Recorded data
______________________________
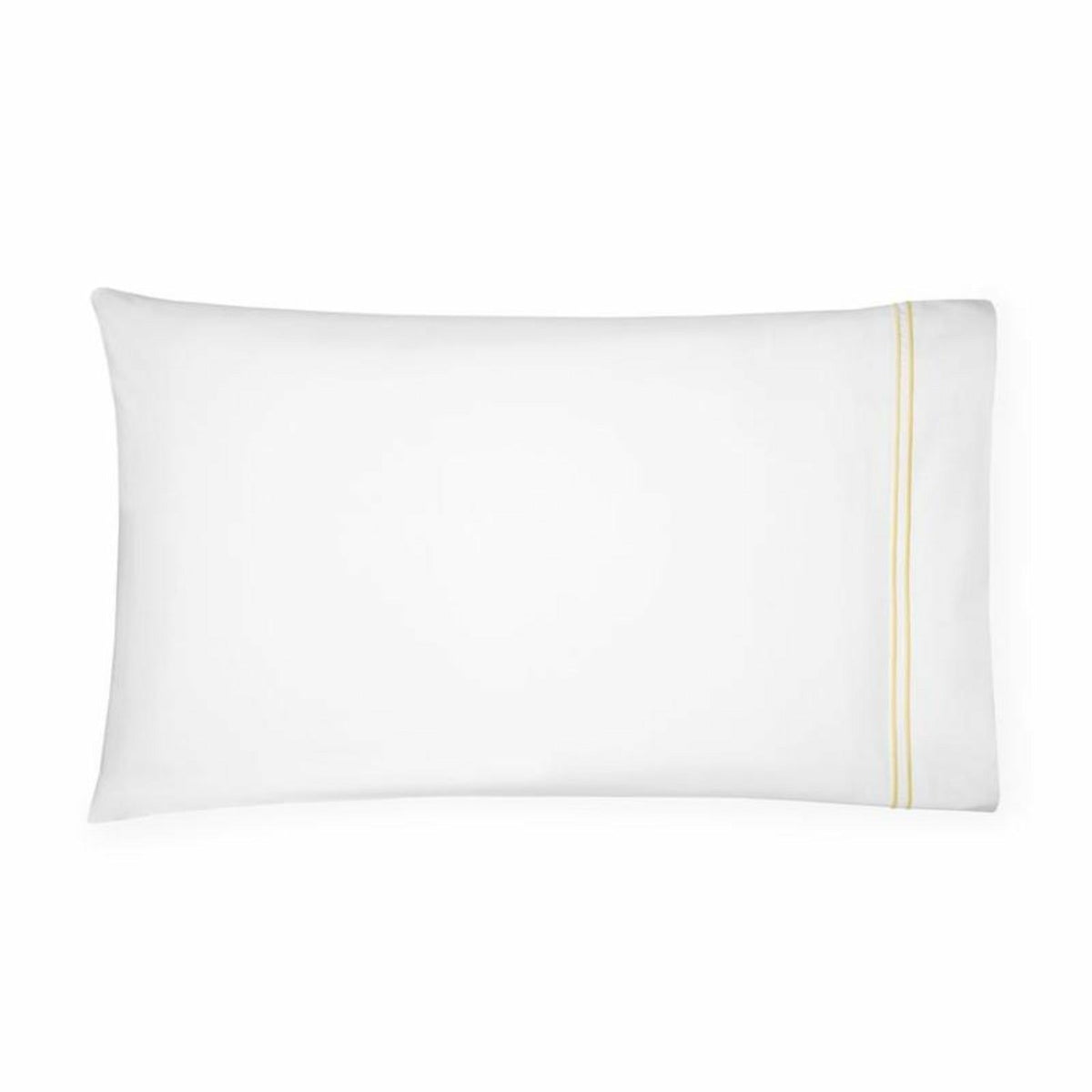 Sferra Grande Hotel Collection Pair of Two Pillowcases White/Banana Fine Linens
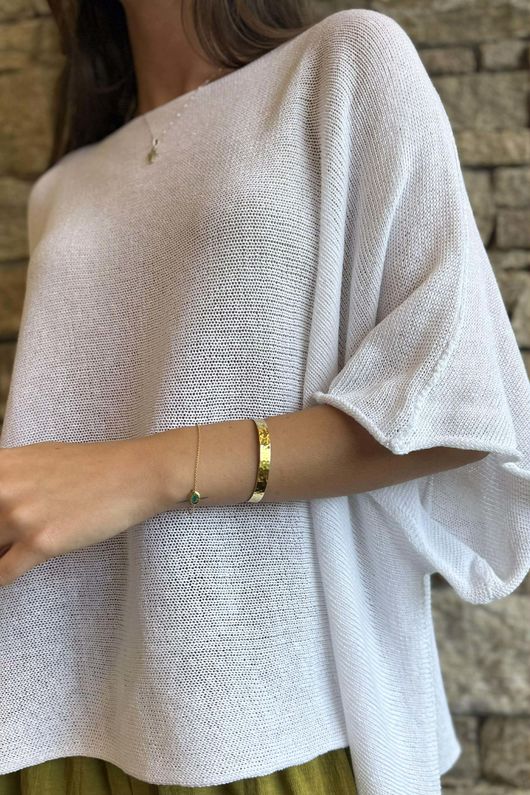 Conrad Box Cotton Knit White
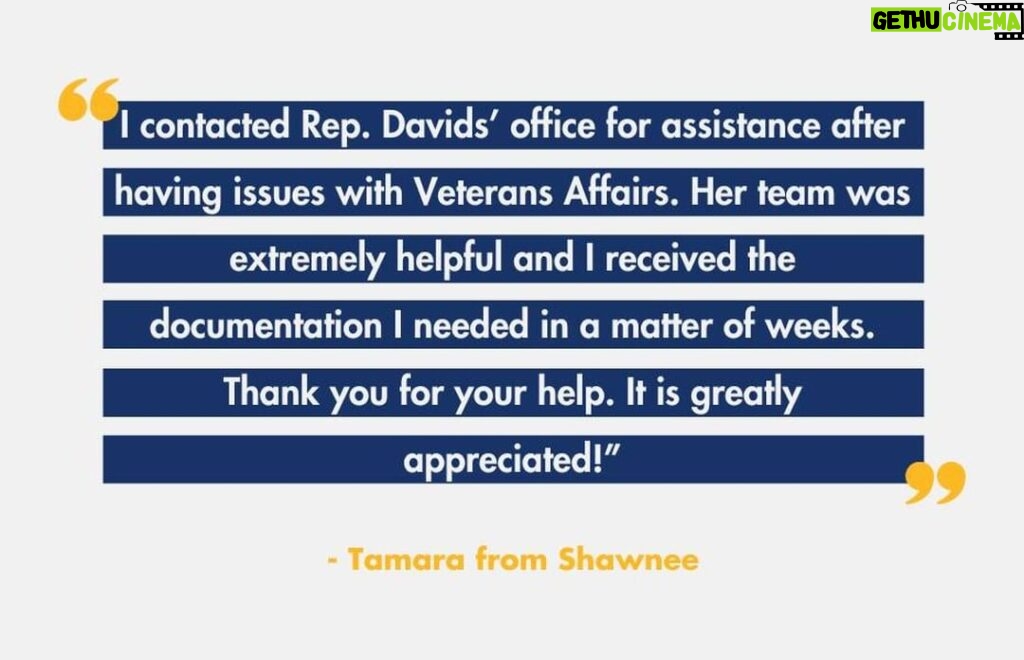Sharice Davids Instagram - My office was happy to help Tamara with her VA issue! If you or someone you know in #KS03 needs assistance, my office is here to be your bridge to the federal government. Give us a call!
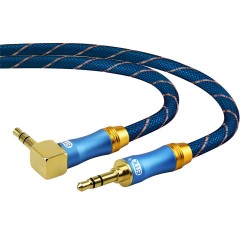 Kabel audio AUX jack 35 mm - męski do męskiego - 90 stopni - prawo kątnyKable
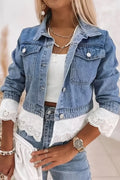 Lace Stitching Fashion Denim Jacket Lavish Daily
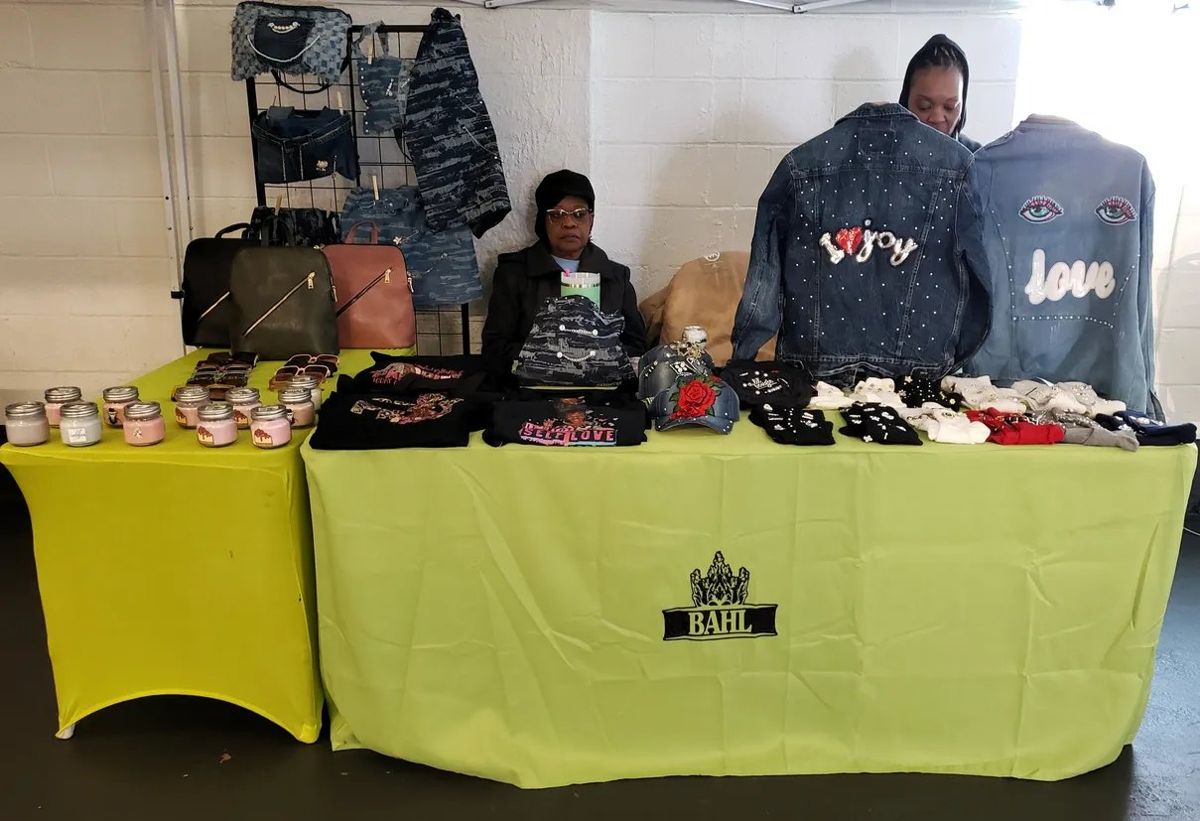 BAHL denim, bags and candles table
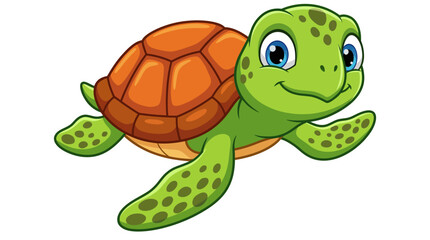 Naklejka premium Playful cartoon green sea turtle with an orange shell, a kid-friendly wildlife mascot for children's books and educational content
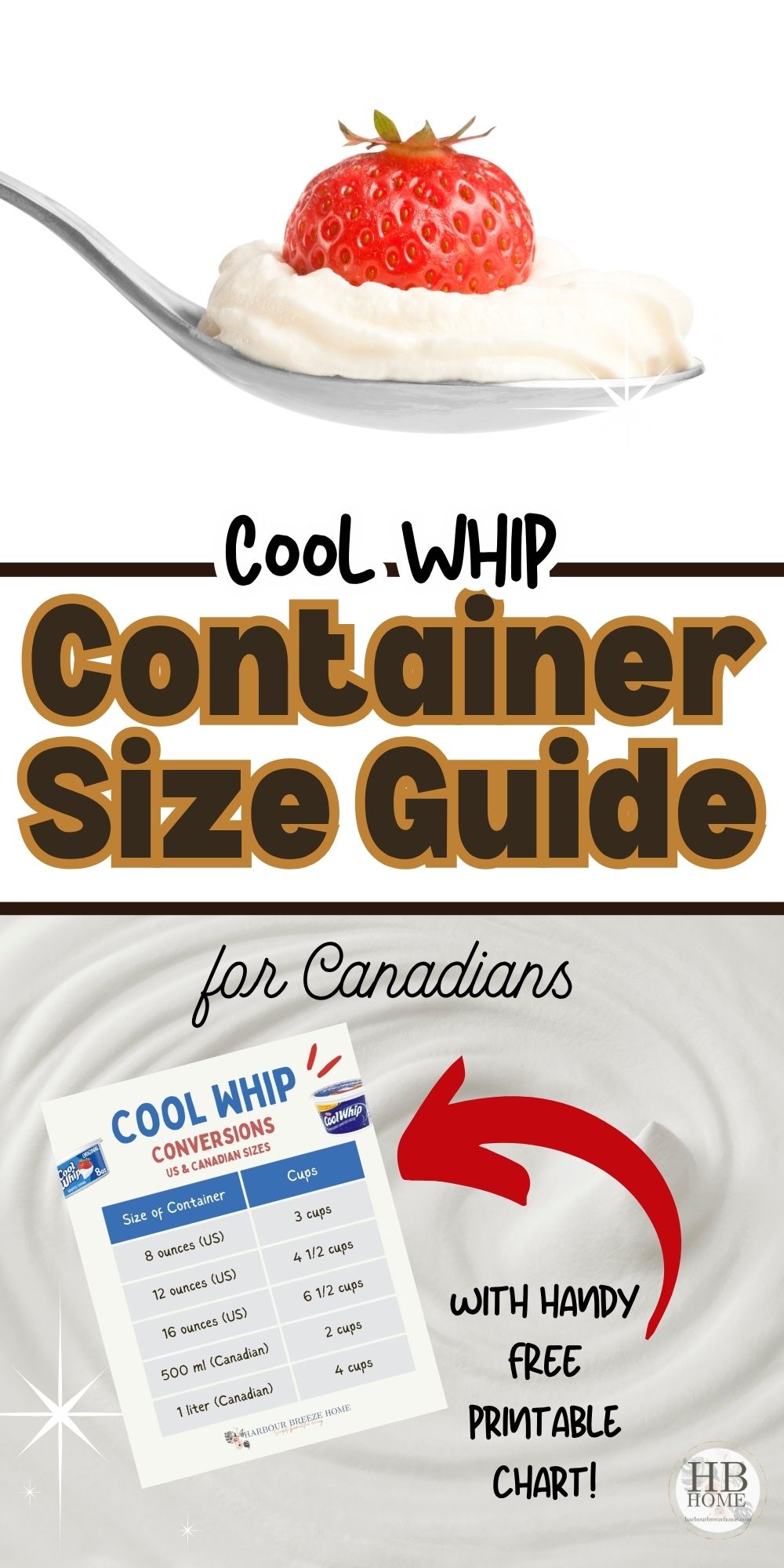 Cool Whip Sizes: 8 oz to Litres, Cups & ML (US + Canada Chart)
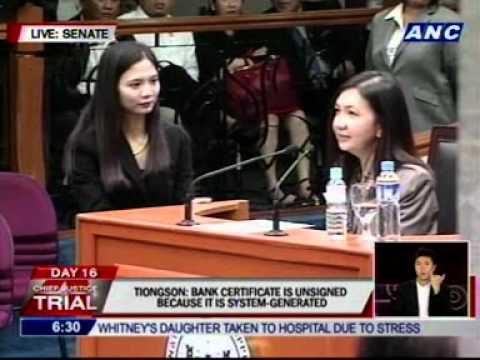 Enrile asks Tiongson to explain how the bank prepares its bank certificates
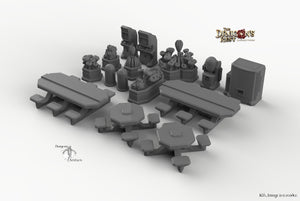 Sci-Fi Canteen Set - 28mm 32mm Dragon's Rest Wargaming Terrain Scatter D&D DnD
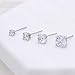 Lavishe Rhodium Plated 925 Sterling Silver 4 Prong Cubic Zirconia Stud Earrings for Women, Hypoallergenic, Size 3mm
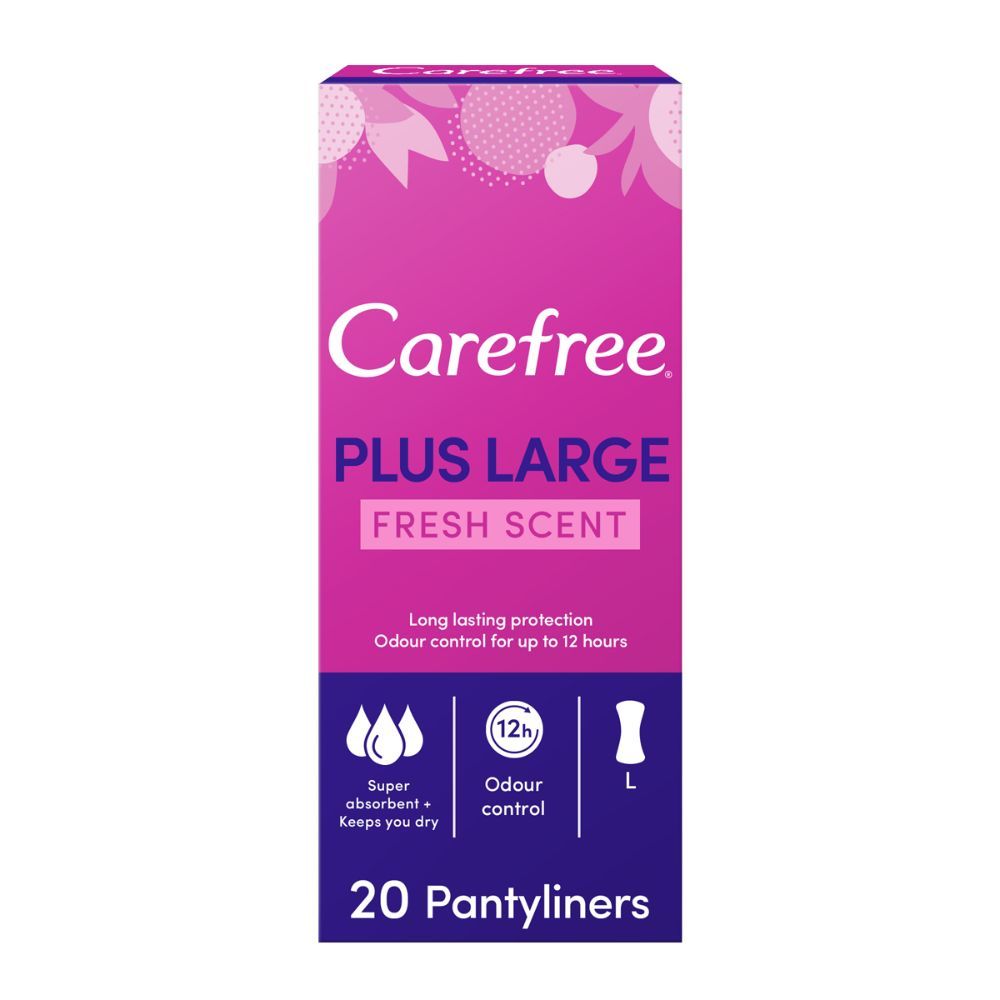 Carefree Panty Liners, Plus Large, Fresh Scent, Pack of 20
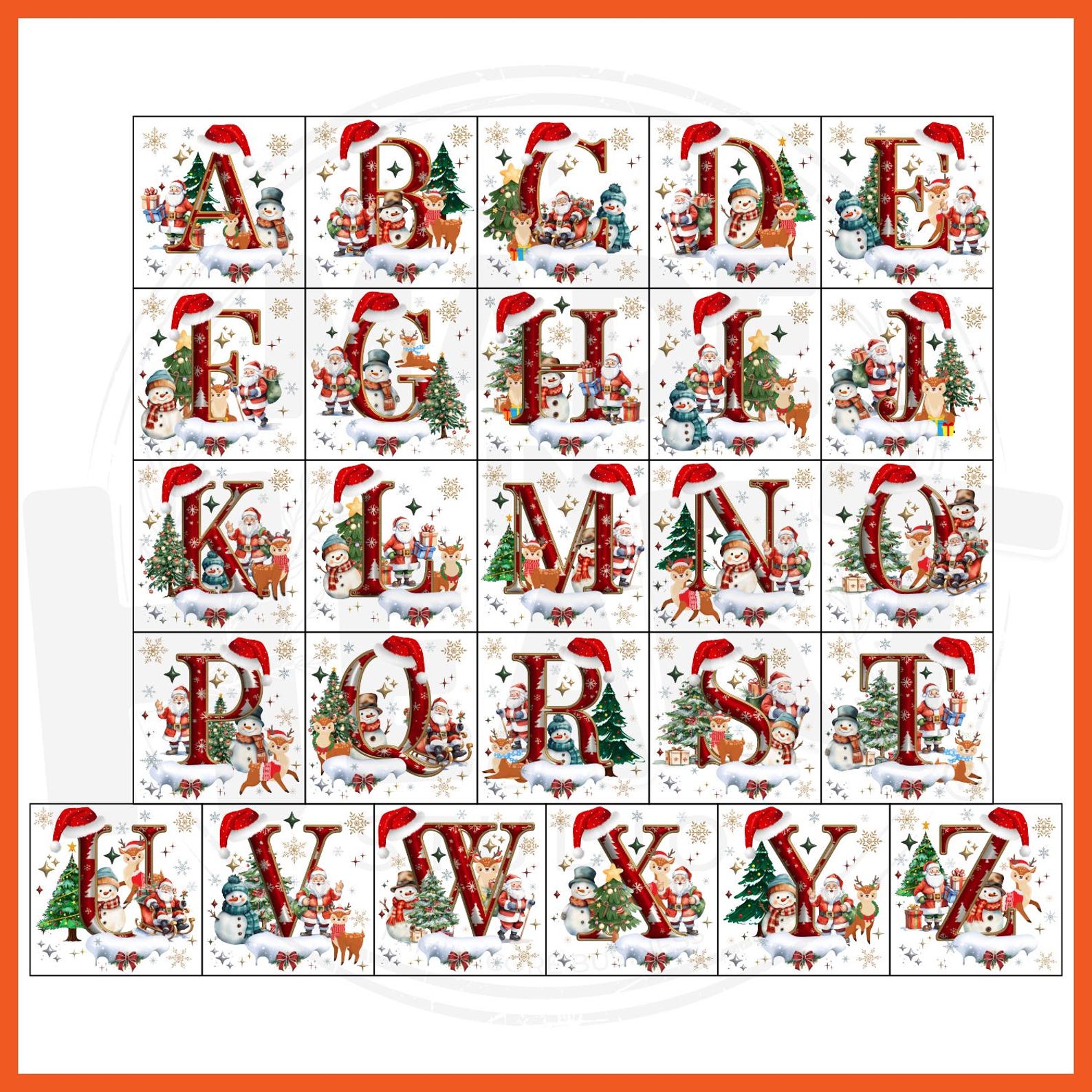 Paquete de PNG de alfabeto navideño personalizado, adorno con letra de ...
______________________________
### WHAT IS BEING ASKED
Pictures stay out. Return exactly the lines from the one with "Lavishe Rhodium Plated" through the last line of the data.

### RESPONSE AREA
 Lavishe Rhodium Plated 925 Sterling Silver 4 Prong Cubic Zirconia Stud Earrings for Women, Hypoallergenic, Size 3mm
 Carefree Panty Liners, Plus Large, Fresh Scent, Pack of 20
 Paquete de PNG de alfabeto navideño personalizado, adorno con letra de ...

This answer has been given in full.